© 2007 Ian C. Bloom

 

My Best Friend’s Wedding

                                             a film by P.J. Hogan released through Tri-Star Pictures in 1997

                                     

 

             

              A man can get straightforward advice when he's talking romance with a friend, assuming the friend has no designs on the woman in question.  But if that friend is a woman, particularly a woman who doesn't want to be just a friend, don't expect anything but two-faced subterfuge.  At her worst a woman will do anything necessary, as long as nobody knows about it.  Such is the basis for My Best Friend's Wedding.  A twenty- something confronting the impending marriage of a long time friend/ex-lover decides to sabotage the nuptials with underhanded tactics not out of place in the worst of high school intrigue.  She's just deluding herself.  Even when she finally says how she feels, her friend won't return to her.  She doesn't really want him, but if she can just keep him from getting away she'd still feel in control.  But time is passing her by.  She's getting old.

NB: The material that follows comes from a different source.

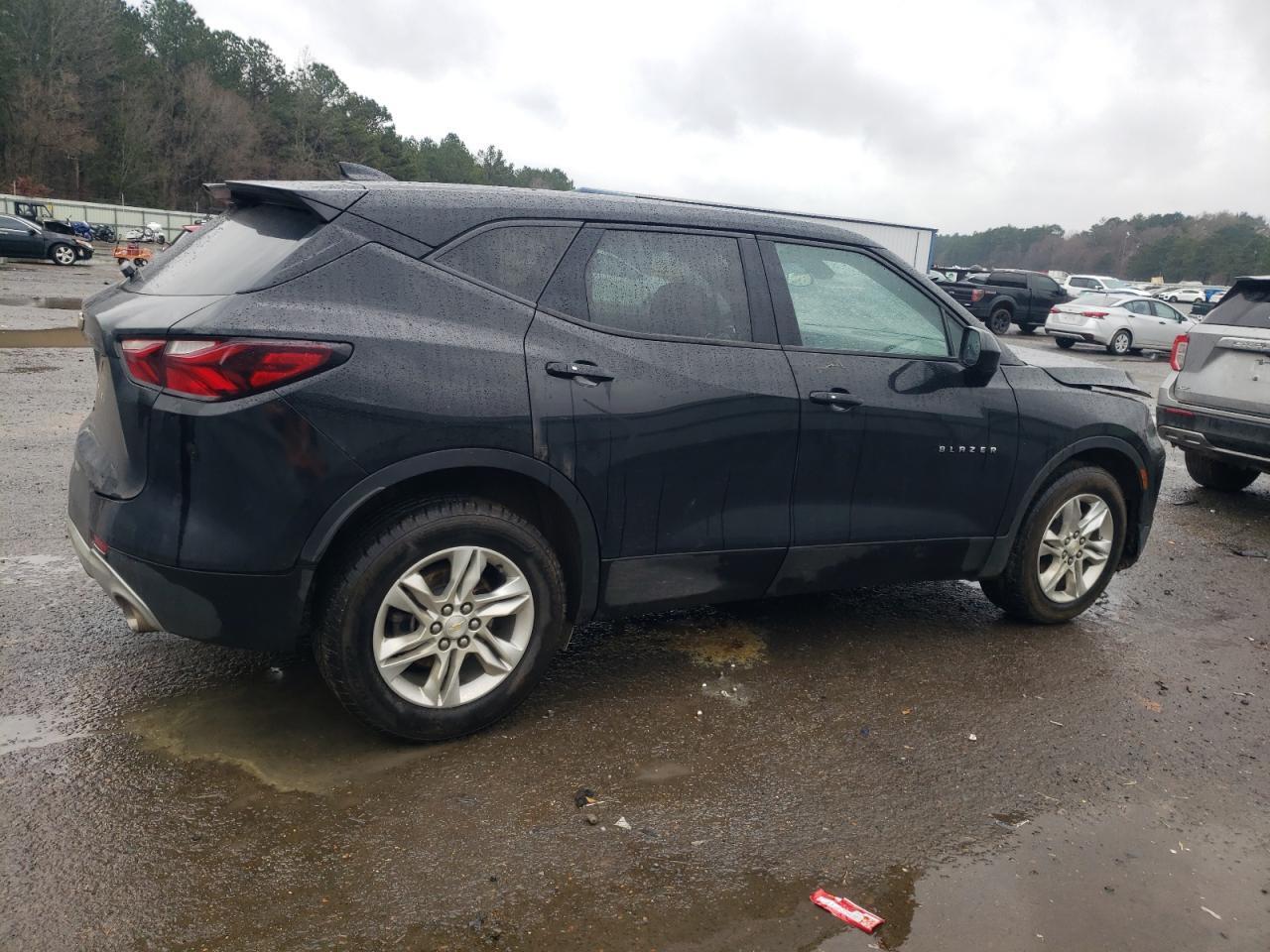 2021 CHEVROLET BLAZER 2LT - Image 3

           Dermot Mulroney is the friend.  Julia Roberts is the bitter girl staring at the hourglass.  Neither is very effective.  Cameron Diaz, in her breakout role, is the naive fiancée.  In a convincing transformation, she finally enjoys a verbal slugfest with the star at the tail end. 

           Far and away, the only character that makes this picture tolerable is Rupert Everett's.  He's a friend to Julia Roberts, a friend who has reservations from the very beginning, both practical and moral, to her devious plans.  He takes it upon himself to fly to Chicago and help out.  Instead of suggesting how to torpedo the impending nuptials, he embarrasses her before the assembled guests—he refuses to slink away quietly after she co-opts him as a fiancée of her own.  The highlight is an improvised account of their meeting—in a mental institution—culminating in a banquet-wide rendition of "I Say A Little Prayer."  But then he leaves.

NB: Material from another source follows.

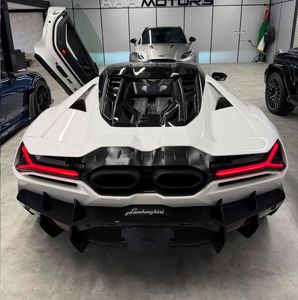 Lamborghini Revuelto Coupé AWD 2025, el Más Vendido - Product Image 2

           There isn't much left to the movie.  The two old friends reconsider; he doesn't change his mind, but she realizes she loves him, to no avail.  She's able to (temporarily) turn him against his fiancée, but she can't take her place. (And that's no surprise considering her wildly unattractive behavior.)

           The primary reason the film fails is the main character garners little sympathy.  She's a conniving wench.  We want her to fail as she blazes a path of disillusion and heartache.  Finally her plans are thwarted and she emerges, herself, burned.  Thankfully, she has learned something.

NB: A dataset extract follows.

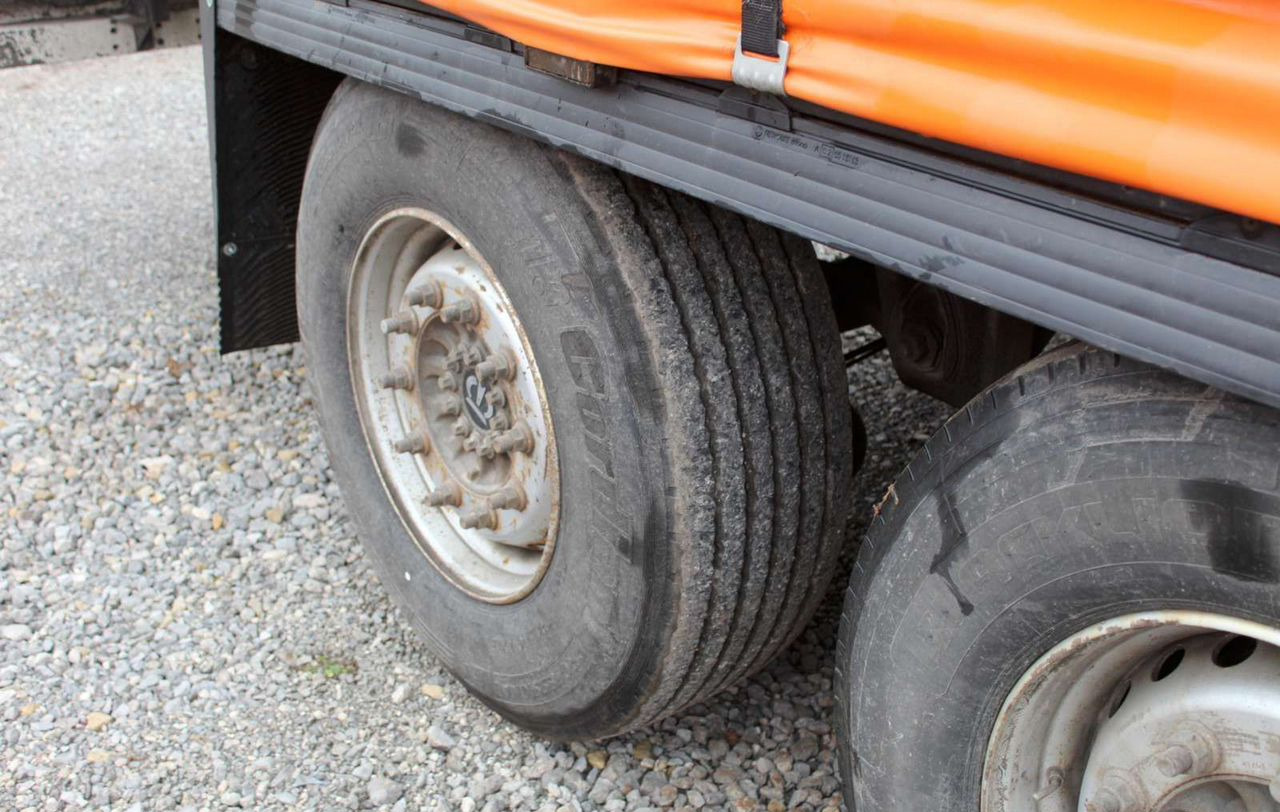 Тентованный полуприцеп Krone SD: фото 12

           As much of the movie is humorous, it is by equal turns cringe-worthy.  Some of it is disgusting.  And the idea fundamental to it, that Julia Roberts would be welcomed not only as a friend, but as a maid-of-honor, is preposterous, regardless of the capacity for goodwill demonstrated by Cameron Diaz.  Late in the film the Diaz character admits her objective was to keep her rival close, to watch out for any lingering attraction between the old lovers.  But if we are to buy that admission, then she's just as unsympathetically manipulative as the star, so who has been fooling who?  The real victim is the audience.